You probably don’t want to do an output every time step as the time steps may
be quite small, but rather at a user specified interval (ideally in terms of
time rather than time steps). At these times you should write output to file.
The most efficient method will probably be for each process to write their own
files, though you could use MPI files to write to a single file. You should
write a separate program or script which collates these files and generates a
graphical output. This can be done in Python.
Performance Analysis
In addition to documented source code you should also submit a short report
which includes an analysis of the performance of the code. I wish to see how
the Efficiency/Speedup changes with the size of the problem and the number of
cores used. You will need to use the HPC system if you are to test this on a
suitable number of cores to see good trends. How does the efficiency behaviour
compare to what you might have expected?
Because you can use a dynamic time step that depends on resolution, as well as
having an internal iteration where the convergence could well depend on
resolution, there are a number of different runtimes that you may need to
consider - total simulation time, time per timestep, time per Jacobi iteration
(including communication). Also remember that you will need to consider
averages for these and will need to run the simulations multiple times to get
robust results.
There are two submission deadlines for this coursework.

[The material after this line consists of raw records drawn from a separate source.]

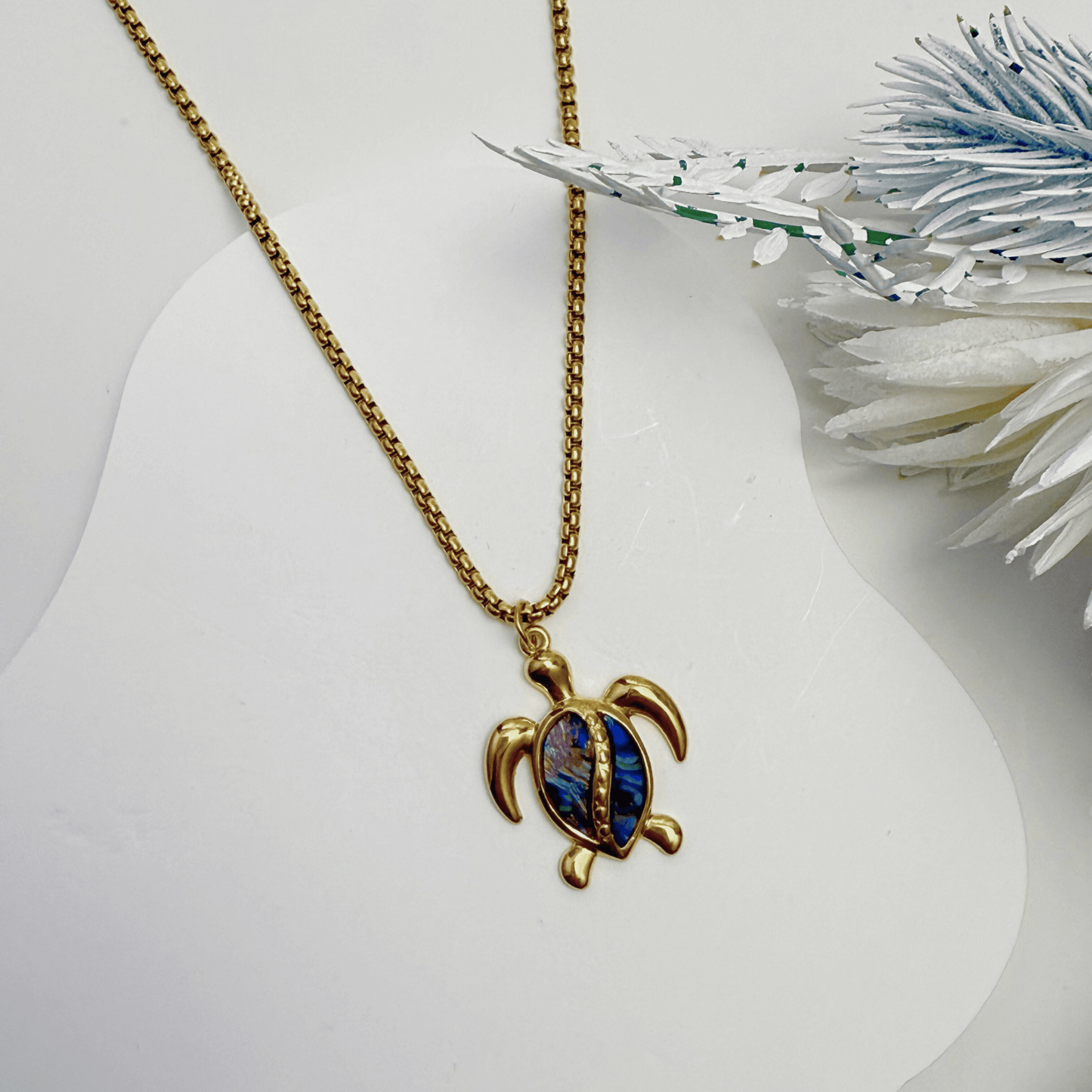 Waterproof gold turtle pendant necklace with abalone shell, shown on model with ocean-inspired details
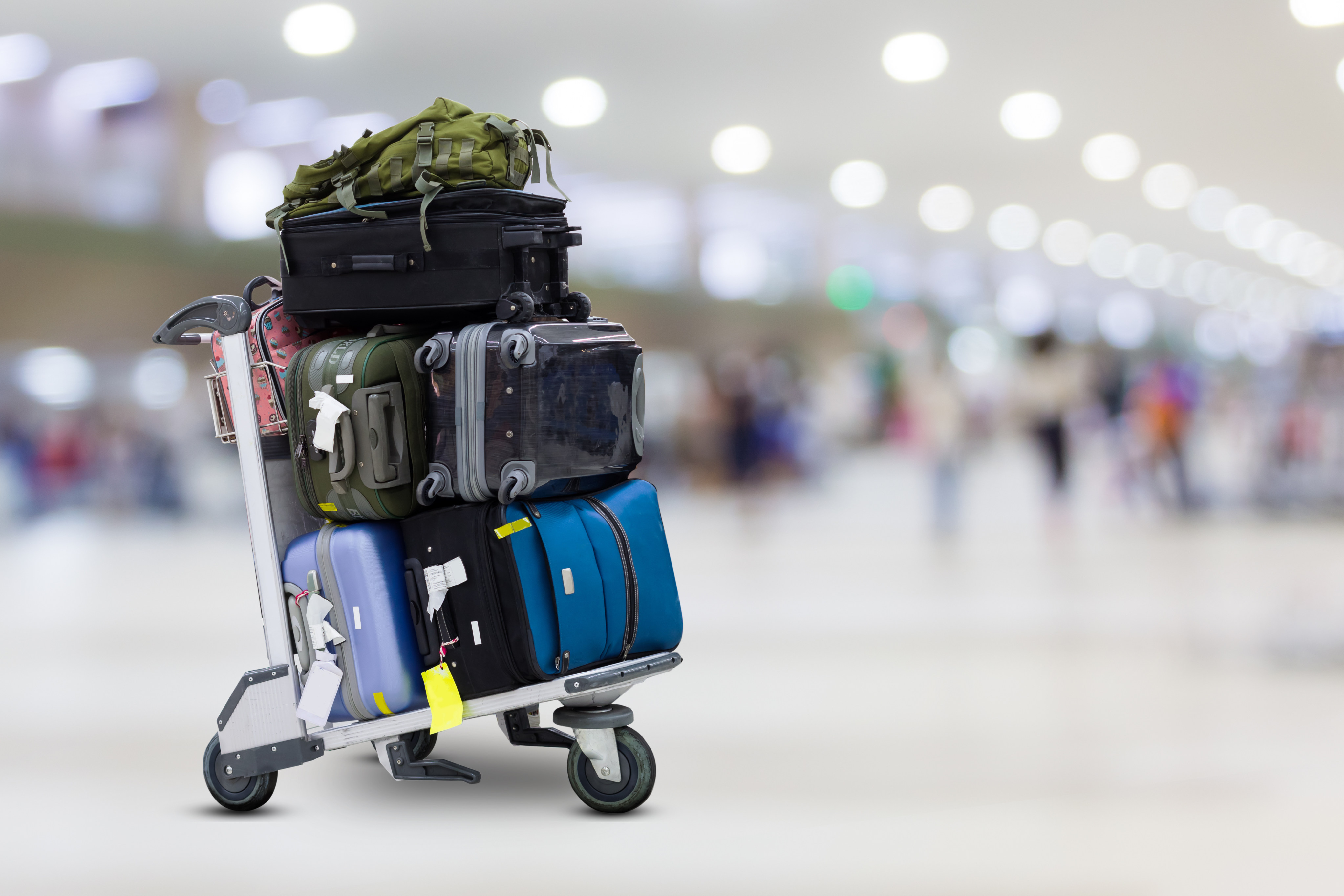 Airport luggage Trolley with suitcases: Photo: Shutterstock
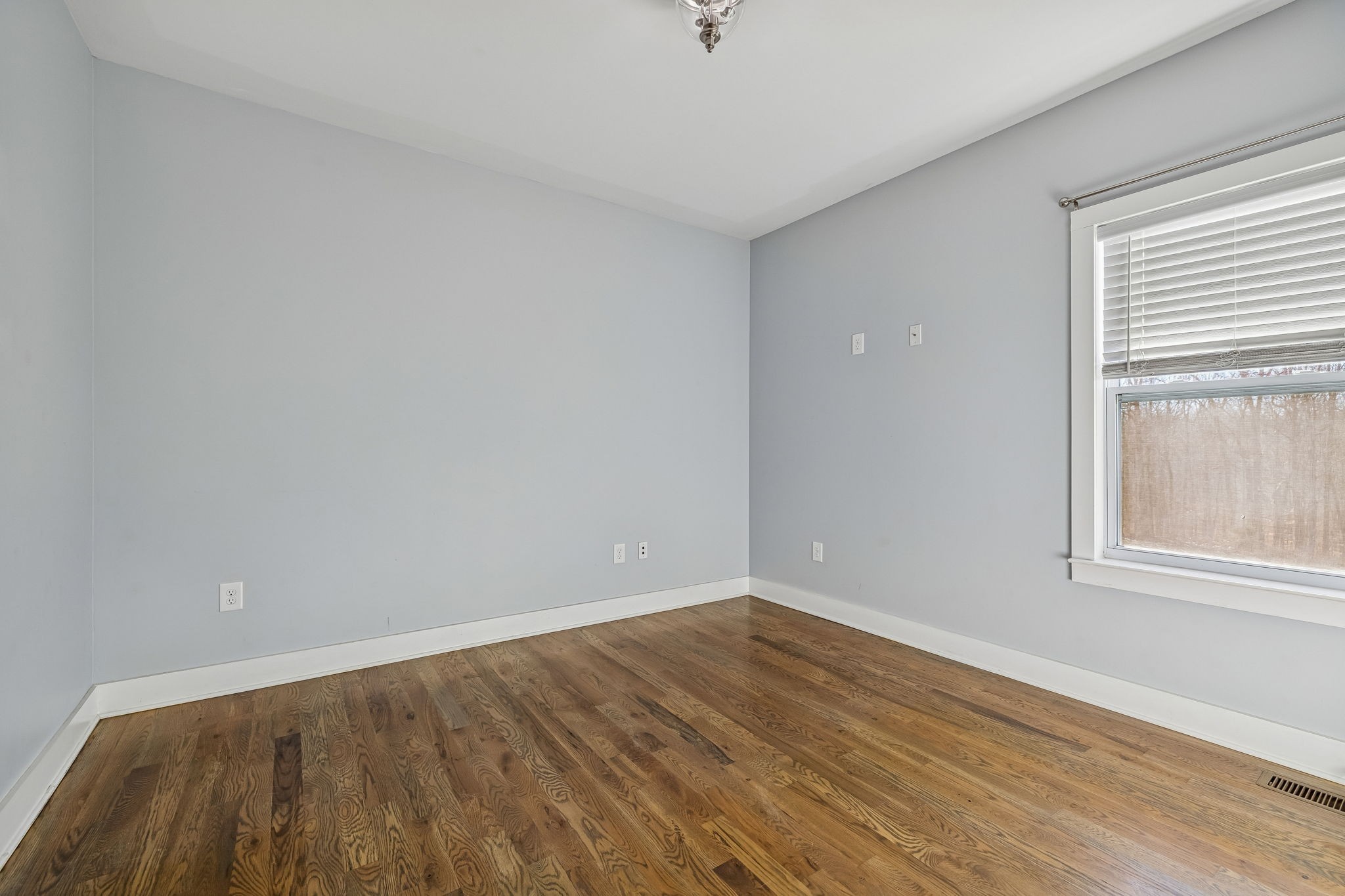 9681 Bud Qurriel Road Bon Aqua, TN 37025 - Photo 33 of 63 a view of an empty room with wooden floor and a window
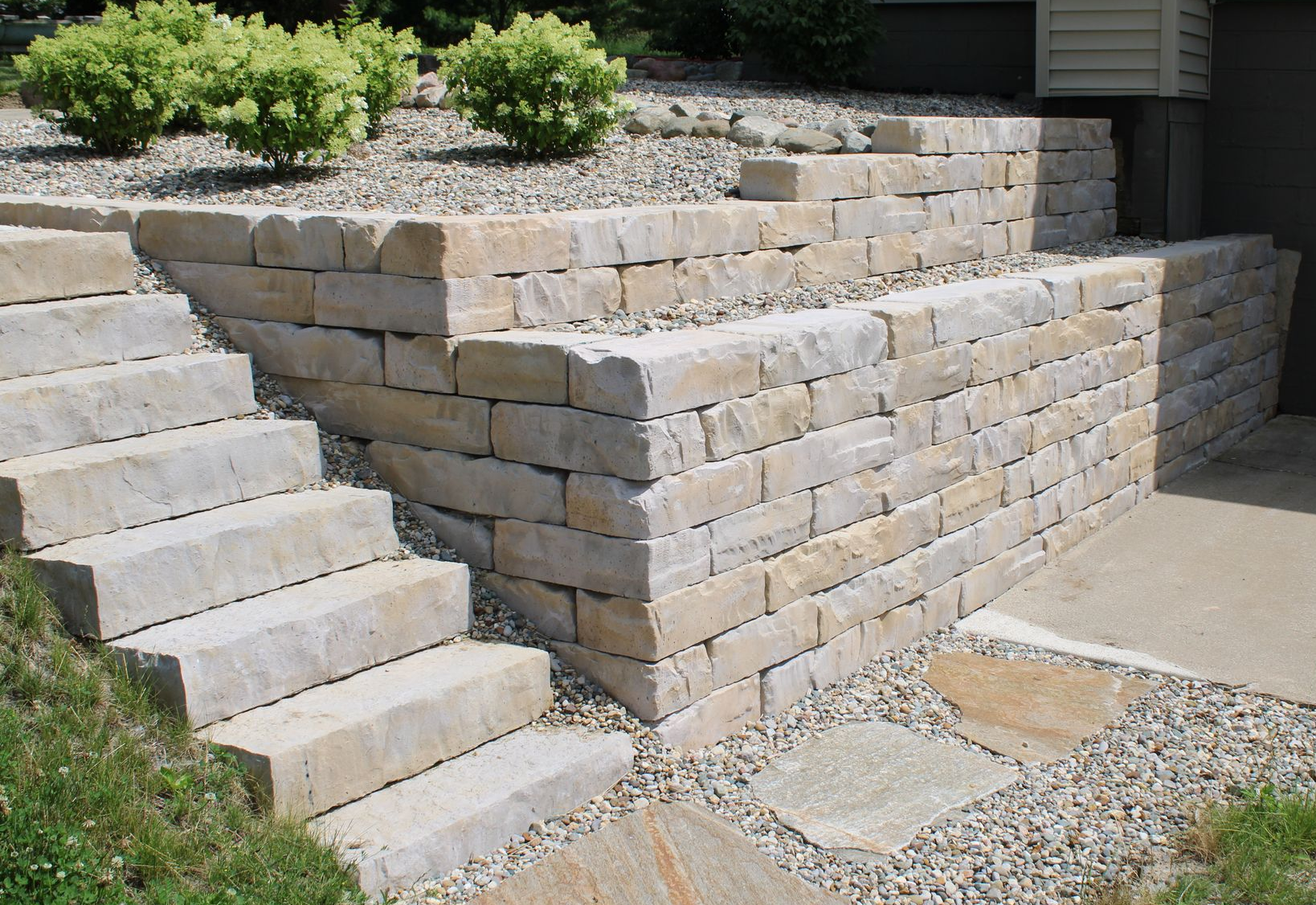Stone retaining wall and concrete steps beside a gravel yard and shrubs in a residential landscape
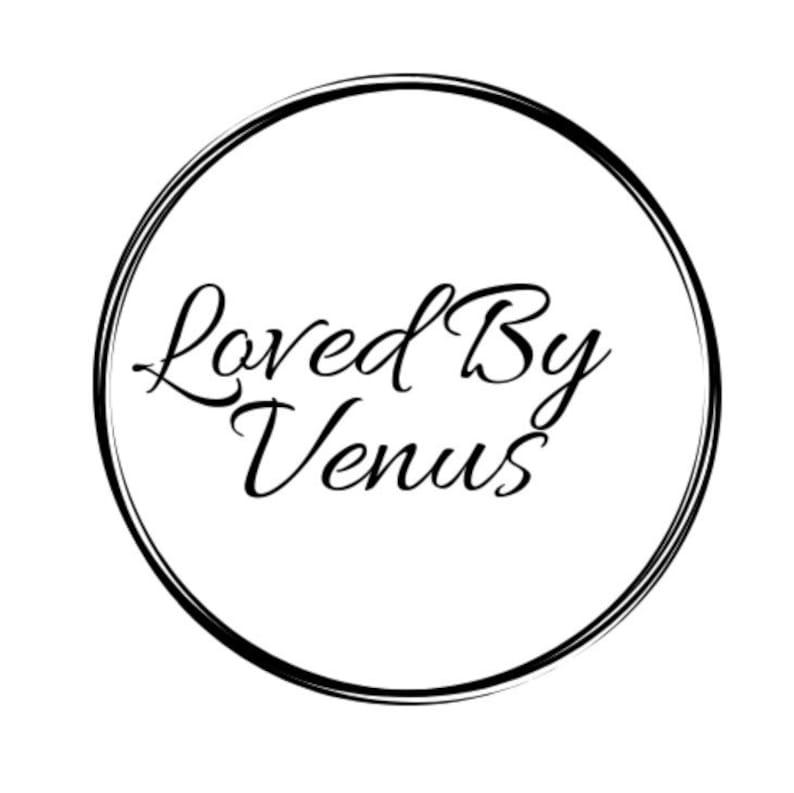 May include: Black and white logo with a circle around the text "Loved By Venus".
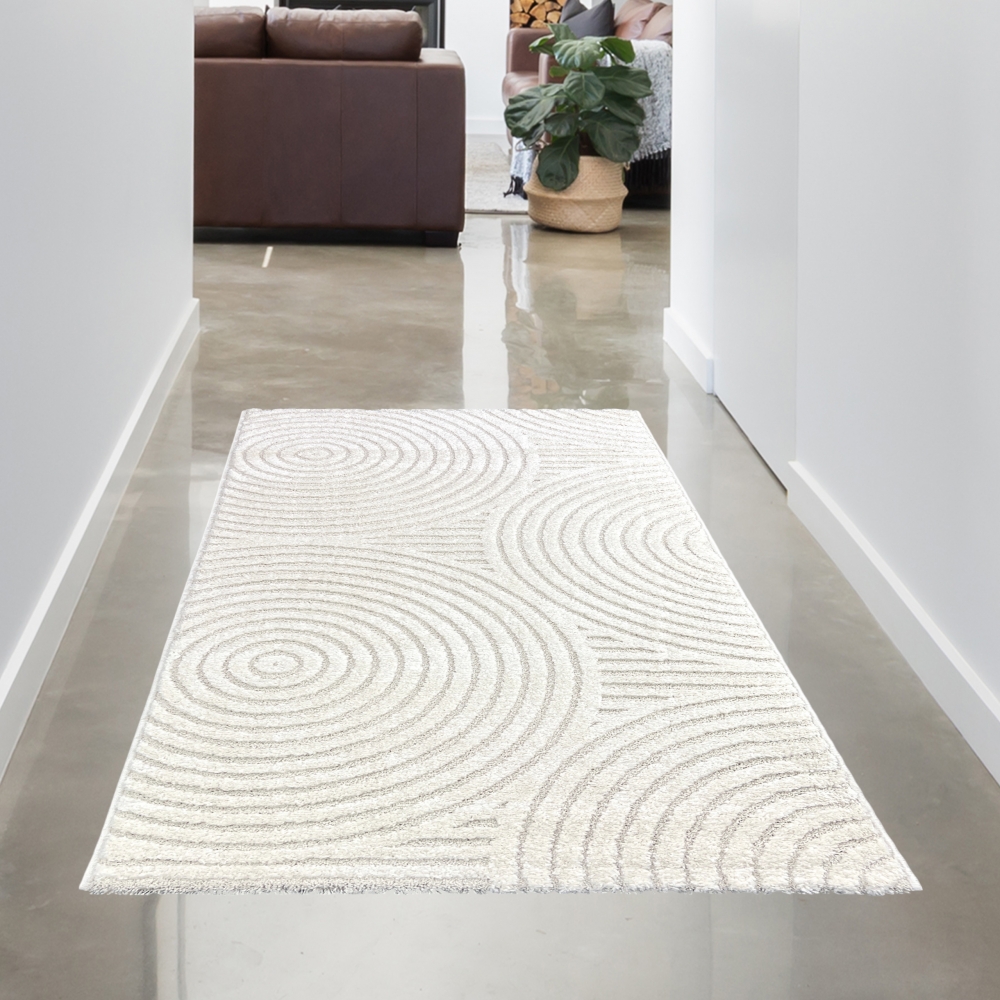 Moderner Wohnzimmerteppich mit elegantem Kreismuster in creme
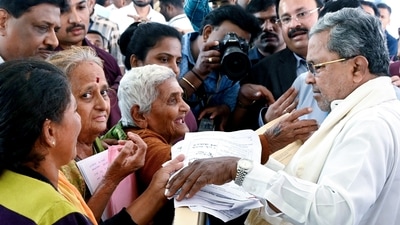 Karnataka Chief Minister Siddaramaiah receives complaints from the public during a day-long Janata Darshan at CM's residential office Krishna, in Bengaluru on Monday. (ANI Photo) (Shashidhar Byrappa) Karnataka Chief Minister Siddaramaiah receives complaints from the public during a day-long Janata Darshan at CM's residential office Krishna, in Bengaluru on Monday. (ANI Photo) (Shashidhar Byrappa)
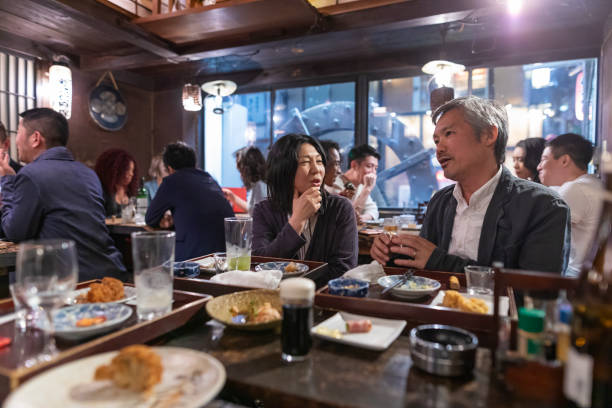 istock People Enjoying a Dinner and Drinks at a Restaurant in Tokyo 1172360904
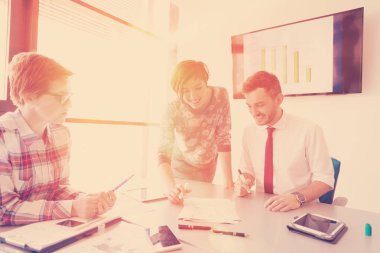 Girişimci genç yaratıcı insanlar grup fikir planlarını not etmek için dizüstü bilgisayar ve tablet bilgisayar kullanarak toplantı üzerinde beyin fırtınası yapıyorlar ve gündoğumu ya da günbatımı projelerini arka planda güneş ışığıyla birlikte kaydediyorlar.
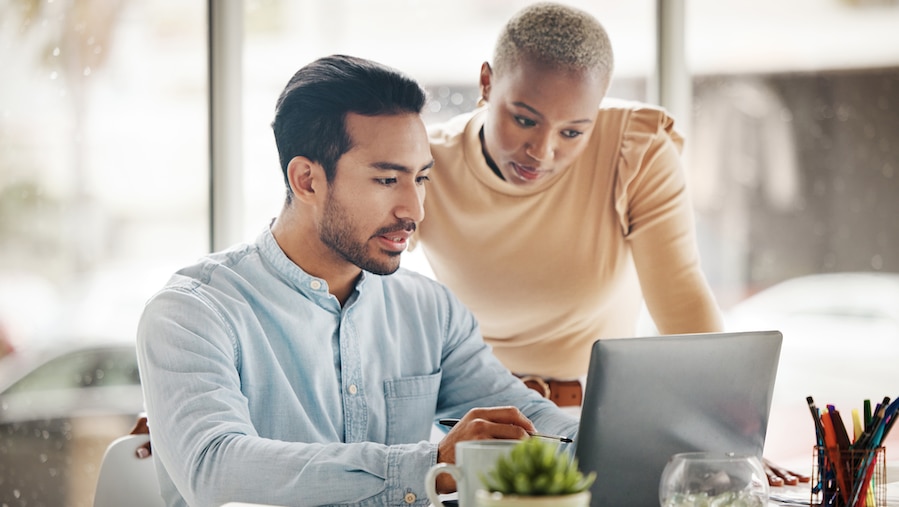 Two people looking over data on their computer.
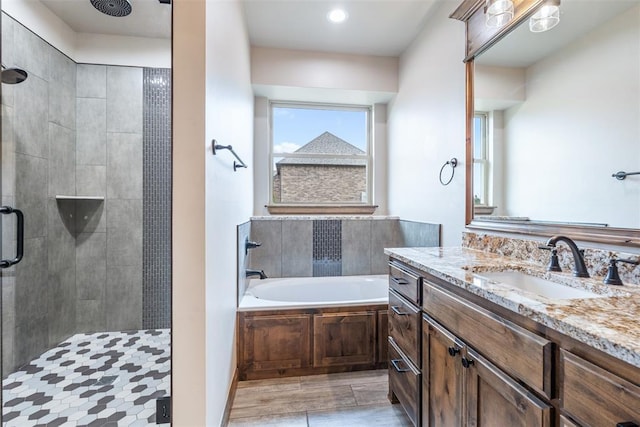 full bathroom featuring a stall shower, a healthy amount of sunlight, a garden tub, and vanity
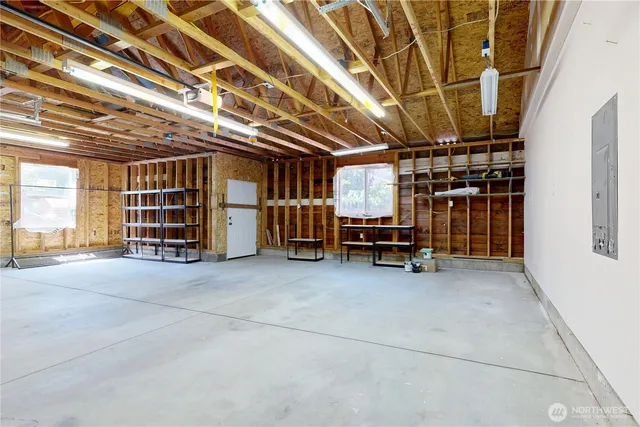 a view of an empty room with gym equipment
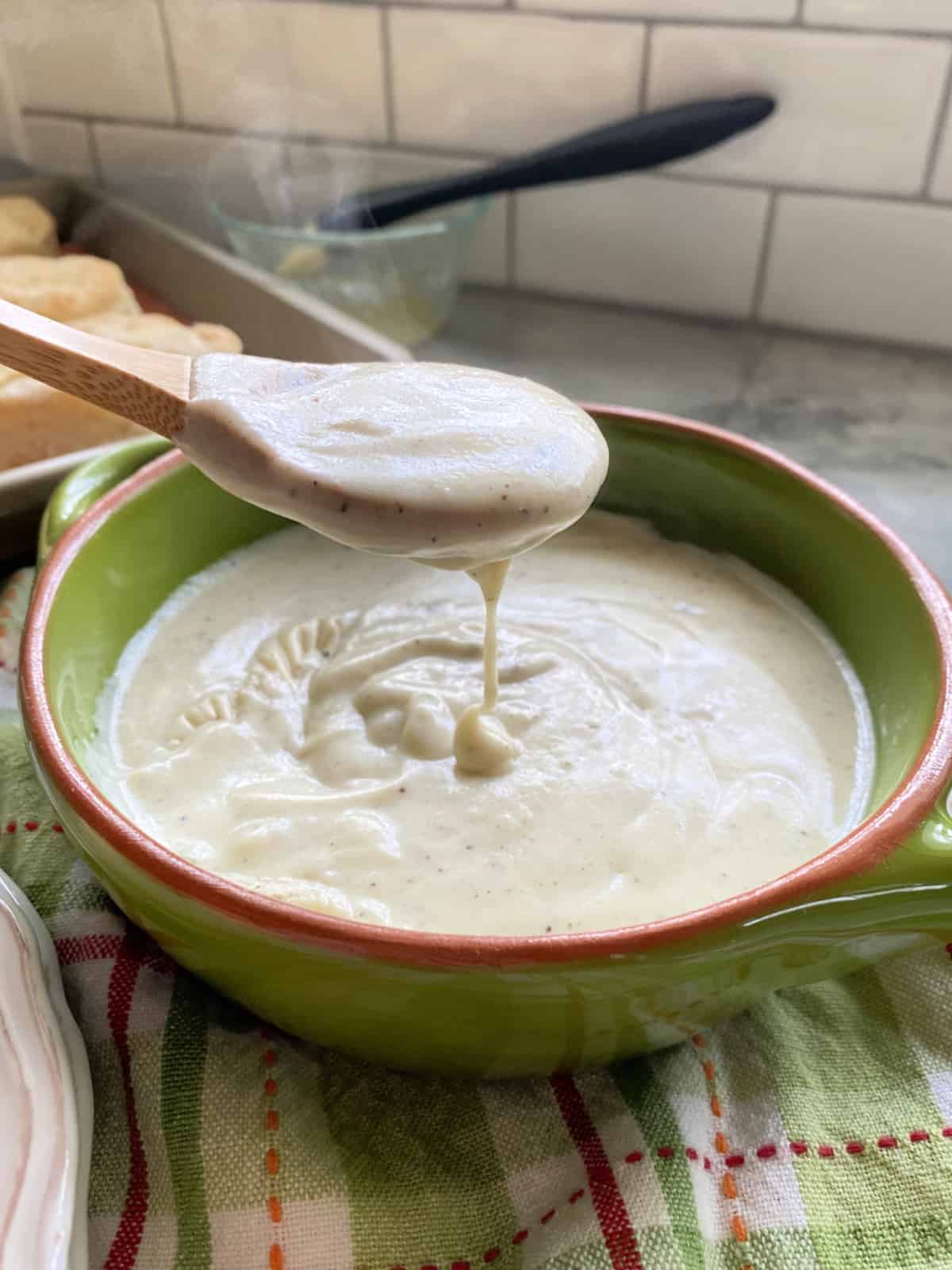 Wooden spoon drizzling white gravy into a green bowl full of white gravy.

The reason for this
two stage submission is so that people are not working on this coursework
during the group project. You will be given access to the HPC system once the
group project is complete.
Submission
What is required to be in the GitHub repository
First submission deadline:
- Documented source code
- Both simulation and post-processing code
Second submission deadline:
- Both simulation and post-processing code
- Videos/animations of the simulation output
- Short report on the performance of the code
- The report has a 1000 word limit, but can be accompanied by figures
- Output log files from your HPC runs ( .o files)
Mark Scheme
- Code commenting and documentation
- Code implementation, structure and efficiency
- Postprocessing code
- Results
- Analysis and discussion of the program’s performance
- Extensions and additional implementations
What is required in the code
In this assignment I want you to demonstrate your MPI programming skills. The
code MUST therefore make use of the following MPI techniques:
Required:
- Non-blocking point to point communications
- Collective communications for determining the time step and residual
- Creating your own MPI variable types
- You MUST use MPI_Type_create_struct - There are other easier ways to make MPI data types for very structured data like this, but I want you to demonstrate that you know how to do generic MPI datatype creation
Optional
- Doing calculations while waiting for communications to complete - You will need to watch out to make sure that you are not doing calculations that require the data from the neighbouring processors while waiting
- Internal boundaries and obstacles for the fluid to interact with
- You can also create a SEPARATE/EXTRA version using one-sided communications - The main version associated with virtually all of the marks will be the version using Nonblocking point to point communications. Therefore only try and do the one-sided communications version if the other version is complete, working well, profiled, documented etc and you have spare time. This would be more for your own interest than it would be for the extra marks!
- Similarly to above, you could also try to create a SEPARATE/EXTRA version that uses a staggered grid to try and get around the problem of having instabilities in the pressure field. Note that this will be a challenge in terms of both having to derive the appropriate discretisations (though I am willing to check them) and the neighbouring communications pattern required.